Many of the 15 schools had few disciplinary issues. Eight of them, including Gwinnett Online Campus, had taken either one or no disciplinary actions for fighting during the 2014-15 school year, state records show. Six had taken no disciplinary actions for disorderly conduct, although there were nearly 125,000 such actions statewide.

“I feel it’s a safe and secure environment,” said Hope Campbell, who teaches at Gwinnett Online Campus, in Lawrenceville, and has a daughter, Christa Beth, who attends the school.

Several schools called the state with questions about their low scores. State Department of Education Deputy Superintendent Garry McGiboney said he explained that their ratings dropped primarily because of low survey participation. About 4 of 5 students and school personnel filled out the surveys, which comprise 25 percent of the school climate score. State officials said some schools had no responses in some areas.
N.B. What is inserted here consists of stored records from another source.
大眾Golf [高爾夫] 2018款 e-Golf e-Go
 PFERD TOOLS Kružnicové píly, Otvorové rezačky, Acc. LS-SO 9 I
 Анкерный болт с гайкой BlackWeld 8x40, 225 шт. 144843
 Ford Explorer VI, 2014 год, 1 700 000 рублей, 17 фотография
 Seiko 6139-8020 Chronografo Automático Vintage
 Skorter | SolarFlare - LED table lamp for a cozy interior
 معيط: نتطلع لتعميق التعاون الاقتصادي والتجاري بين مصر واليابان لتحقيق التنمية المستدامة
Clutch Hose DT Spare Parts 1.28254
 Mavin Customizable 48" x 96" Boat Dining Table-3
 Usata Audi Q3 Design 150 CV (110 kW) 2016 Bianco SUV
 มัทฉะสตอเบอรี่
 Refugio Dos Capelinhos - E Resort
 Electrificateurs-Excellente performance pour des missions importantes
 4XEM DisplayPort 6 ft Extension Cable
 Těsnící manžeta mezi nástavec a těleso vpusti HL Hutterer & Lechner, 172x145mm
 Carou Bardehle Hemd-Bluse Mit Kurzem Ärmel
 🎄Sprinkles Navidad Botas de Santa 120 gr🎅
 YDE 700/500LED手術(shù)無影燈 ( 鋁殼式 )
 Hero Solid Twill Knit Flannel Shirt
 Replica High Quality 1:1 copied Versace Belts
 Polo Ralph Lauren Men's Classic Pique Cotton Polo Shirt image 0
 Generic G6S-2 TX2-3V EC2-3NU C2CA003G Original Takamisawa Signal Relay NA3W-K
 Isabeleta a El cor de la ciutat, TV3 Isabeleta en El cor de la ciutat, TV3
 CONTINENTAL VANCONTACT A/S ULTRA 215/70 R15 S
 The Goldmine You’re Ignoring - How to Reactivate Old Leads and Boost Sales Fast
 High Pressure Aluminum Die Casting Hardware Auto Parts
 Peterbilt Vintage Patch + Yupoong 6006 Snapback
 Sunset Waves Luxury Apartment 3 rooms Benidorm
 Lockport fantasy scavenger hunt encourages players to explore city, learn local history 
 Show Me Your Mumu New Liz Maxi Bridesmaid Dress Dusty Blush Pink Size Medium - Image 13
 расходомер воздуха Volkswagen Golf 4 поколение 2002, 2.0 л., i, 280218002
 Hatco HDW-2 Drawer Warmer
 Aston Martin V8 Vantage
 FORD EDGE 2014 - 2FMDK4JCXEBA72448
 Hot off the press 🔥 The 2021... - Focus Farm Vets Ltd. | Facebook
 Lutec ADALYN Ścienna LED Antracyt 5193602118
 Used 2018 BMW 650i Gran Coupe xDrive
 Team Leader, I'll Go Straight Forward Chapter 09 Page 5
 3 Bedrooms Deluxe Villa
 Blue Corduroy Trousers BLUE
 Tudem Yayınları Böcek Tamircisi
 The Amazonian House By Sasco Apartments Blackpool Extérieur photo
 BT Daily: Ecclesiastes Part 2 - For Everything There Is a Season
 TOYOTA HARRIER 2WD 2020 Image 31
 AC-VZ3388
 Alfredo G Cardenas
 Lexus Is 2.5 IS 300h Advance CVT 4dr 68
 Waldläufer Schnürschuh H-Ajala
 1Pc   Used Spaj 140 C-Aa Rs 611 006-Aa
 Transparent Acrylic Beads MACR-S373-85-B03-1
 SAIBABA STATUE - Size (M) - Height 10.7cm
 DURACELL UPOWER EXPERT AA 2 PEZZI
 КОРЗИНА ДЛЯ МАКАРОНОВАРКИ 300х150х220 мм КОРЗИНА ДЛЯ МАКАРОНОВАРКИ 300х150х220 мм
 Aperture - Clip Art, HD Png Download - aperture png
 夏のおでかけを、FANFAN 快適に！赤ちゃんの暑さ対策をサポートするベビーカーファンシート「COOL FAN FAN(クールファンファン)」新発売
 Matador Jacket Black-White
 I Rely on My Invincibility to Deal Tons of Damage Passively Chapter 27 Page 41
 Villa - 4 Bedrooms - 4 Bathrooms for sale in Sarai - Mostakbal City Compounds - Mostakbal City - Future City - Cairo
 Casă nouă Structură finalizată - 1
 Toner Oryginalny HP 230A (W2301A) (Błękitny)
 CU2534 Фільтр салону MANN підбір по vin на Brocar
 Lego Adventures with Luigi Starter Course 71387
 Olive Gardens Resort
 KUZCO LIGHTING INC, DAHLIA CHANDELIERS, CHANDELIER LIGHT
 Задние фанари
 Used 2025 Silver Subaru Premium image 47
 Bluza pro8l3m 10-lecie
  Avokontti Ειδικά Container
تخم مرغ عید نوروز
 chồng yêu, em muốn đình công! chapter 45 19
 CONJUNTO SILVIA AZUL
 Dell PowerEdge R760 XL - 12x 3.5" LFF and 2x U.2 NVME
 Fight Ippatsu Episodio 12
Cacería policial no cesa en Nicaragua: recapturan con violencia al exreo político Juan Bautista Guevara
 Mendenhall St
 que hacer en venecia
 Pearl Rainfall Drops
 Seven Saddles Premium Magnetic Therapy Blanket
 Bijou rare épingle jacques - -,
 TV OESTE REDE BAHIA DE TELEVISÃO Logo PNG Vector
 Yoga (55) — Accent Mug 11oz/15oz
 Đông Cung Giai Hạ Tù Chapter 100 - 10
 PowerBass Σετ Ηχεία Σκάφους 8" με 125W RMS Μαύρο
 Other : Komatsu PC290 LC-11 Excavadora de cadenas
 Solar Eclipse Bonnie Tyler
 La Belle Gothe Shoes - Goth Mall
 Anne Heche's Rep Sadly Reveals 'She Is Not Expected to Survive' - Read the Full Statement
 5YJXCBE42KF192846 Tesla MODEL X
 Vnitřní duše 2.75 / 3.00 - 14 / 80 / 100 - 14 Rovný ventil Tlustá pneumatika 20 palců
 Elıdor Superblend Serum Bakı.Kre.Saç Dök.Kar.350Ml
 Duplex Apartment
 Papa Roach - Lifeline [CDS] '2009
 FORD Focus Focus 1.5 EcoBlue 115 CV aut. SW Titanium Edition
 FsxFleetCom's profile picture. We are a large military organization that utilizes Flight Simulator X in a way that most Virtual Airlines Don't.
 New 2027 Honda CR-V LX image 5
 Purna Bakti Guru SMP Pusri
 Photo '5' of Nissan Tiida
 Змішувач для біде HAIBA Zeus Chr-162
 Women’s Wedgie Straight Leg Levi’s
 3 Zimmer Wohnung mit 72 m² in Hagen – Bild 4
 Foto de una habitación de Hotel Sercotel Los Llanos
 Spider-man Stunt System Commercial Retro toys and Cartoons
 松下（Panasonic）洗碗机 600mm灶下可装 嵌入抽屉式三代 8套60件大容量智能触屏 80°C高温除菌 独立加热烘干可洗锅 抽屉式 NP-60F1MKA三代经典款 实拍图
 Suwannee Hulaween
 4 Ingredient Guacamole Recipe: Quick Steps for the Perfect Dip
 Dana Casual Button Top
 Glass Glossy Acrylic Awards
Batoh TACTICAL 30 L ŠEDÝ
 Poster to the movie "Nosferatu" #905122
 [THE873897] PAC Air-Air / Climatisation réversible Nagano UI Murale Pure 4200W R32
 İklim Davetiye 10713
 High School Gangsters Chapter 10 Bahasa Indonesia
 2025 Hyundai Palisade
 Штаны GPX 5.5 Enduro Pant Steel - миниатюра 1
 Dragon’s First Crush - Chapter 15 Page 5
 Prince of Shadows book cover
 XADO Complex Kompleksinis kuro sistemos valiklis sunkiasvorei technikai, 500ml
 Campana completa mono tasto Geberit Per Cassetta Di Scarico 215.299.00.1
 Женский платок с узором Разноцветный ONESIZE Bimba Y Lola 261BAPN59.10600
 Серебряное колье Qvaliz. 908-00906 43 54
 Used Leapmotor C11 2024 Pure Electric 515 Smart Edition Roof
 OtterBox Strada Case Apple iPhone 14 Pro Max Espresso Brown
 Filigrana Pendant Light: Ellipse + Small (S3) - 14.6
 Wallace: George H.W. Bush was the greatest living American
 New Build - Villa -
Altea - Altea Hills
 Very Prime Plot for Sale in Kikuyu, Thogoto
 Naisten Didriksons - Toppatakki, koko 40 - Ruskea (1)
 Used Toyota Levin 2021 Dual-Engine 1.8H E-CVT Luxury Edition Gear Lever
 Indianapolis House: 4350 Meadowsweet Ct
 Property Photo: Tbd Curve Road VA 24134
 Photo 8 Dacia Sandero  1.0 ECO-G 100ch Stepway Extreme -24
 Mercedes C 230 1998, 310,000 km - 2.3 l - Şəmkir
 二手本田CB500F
State education officials defended the ratings. In addition to low survey participation rates, several schools had abnormally high percentages of students who missed too many days of schools, which also counts for 25 percent of the score. A few, officials said, had more trouble with bullying.

“We feel pretty good about the ratings,” said McGiboney, who oversees much of the department’s work on disciplinary and school climate issues.

The ratings are important, state officials say. Education leaders in much of Georgia, and throughout the nation, have placed greater emphasis on school climate and disciplinary issues in recent years, citing a correlation between a good classroom environment and good grades. McGiboney said Georgia schools that received an excellent school climate rating on average scored 20 points higher on the state’s College and Career Ready Performance Index, an annual report card on a school’s academic performance, than schools that received an unsatisfactory school climate rating.

“School climate is about making sure each student feels safe and nurtured,” said Peter DeWitt, a former teacher and principal who is now an education consultant with expertise in school climate issues. “When they are feeling safe and nurtured, they’re more engaged in the learning process.”

Georgia is one of several states that tracks disciplinary data, DeWitt said. Few, though, rate the climate of each school.

Respondents to Georgia’s survey are asked how much they believe “school is a place at which I feel safe” or “teachers at my school set clear rules for behavior” or “my child knows what to do in case of a school emergency.”

Gwinnett Online Campus principal Christopher Ray said staffers didn’t fill out the surveys for the 2014-15 school year after completing them the prior school year. Ray said he’s working with state officials on different ways to capture school climate on campuses like his, since most students aren’t on campus every day.

“A lot of times, it’s a square peg, round hole situation, and we’re trying to make it fit,” he said.

Gallagher, the parent who believes Gwinnett Online Campus fosters a safe learning environment, urged caution about survey results.

“You’re either real happy (with the school) or you have an ax to grind,” she said.